Esta indecisão torna-se ainda mais grave quando se sabe que dentro de alguns dias será anunciada a decisão do BNDES sobre a abertura de uma linha crédito às empresas de mídia. As sondagens de opinião indicam que a sociedade brasileira admitirá o privilégio à indústria midiática desde que sejam oferecidas contrapartidas sociais. No caso da TV, essas contrapartidas situam-se basicamente no plano da qualidade.

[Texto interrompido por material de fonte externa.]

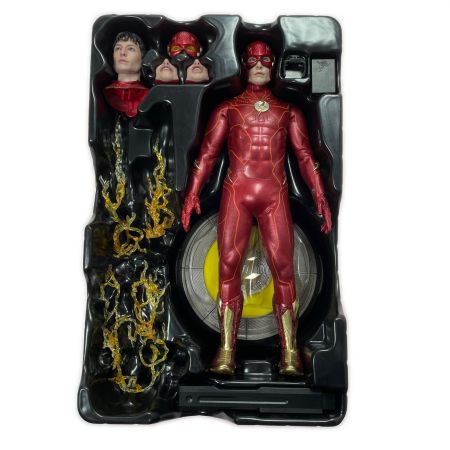  HOTTOYS ホットトイズ 『ザ・フラッシュ』 フラッシュ 通常版 フィギュア 開封品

Nestas circunstâncias, o afrouxamento na reclassificação é duplamente desanimador. Sinaliza uma vitória da baixaria, desnuda a falta de apetite para exercer os indispensáveis controles e reagir aos grupos de pressão que apostam no status quo. A mídia vai para os guichês do crédito oficial despreocupada e desobrigada. Como se fosse credora e, não, devedora relapsa.
Paradigma da qualidade
Aqui entra a TV Pública. O Brasil dispõe de duas grandes redes de TV – a TVE e a Cultura – com um potencial fabuloso. Embora independentes, são convergentes sobretudo na disposição de exercer plenamente sua missão social.
Parte da opinião pública pode deleitar-se com o Big Brother mas outra parte ponderável acha que merece coisa melhor. Então, por que beneficiar um grupo em detrimento do outro? Onde fica o senso de justiça e o equilíbrio?
A TVE acaba de divulgar os resultados de um seminário sobre o papel da TV Pública; a TV Cultura está inaugurando a nova grade de programação com especial ênfase no jornalismo (veja remissões abaixo). Ambas estão prontas para atender à demanda de uma TV pública de qualidade, ambas têm competência e disposição para desempenhar o seu papel alternativo numa sociedade pluralista.
Mesmo numa Inglaterra conflagrada pela disputa em torno do ‘esquentamento’ de informações sobre os arsenais de Saddam Hussein há um consenso em torno da qualidade da rede pública de rádio e TV. Este é um consenso que os niilistas não querem enxergar. Este é um consenso que no Brasil a rede pública de TV deseja explorar.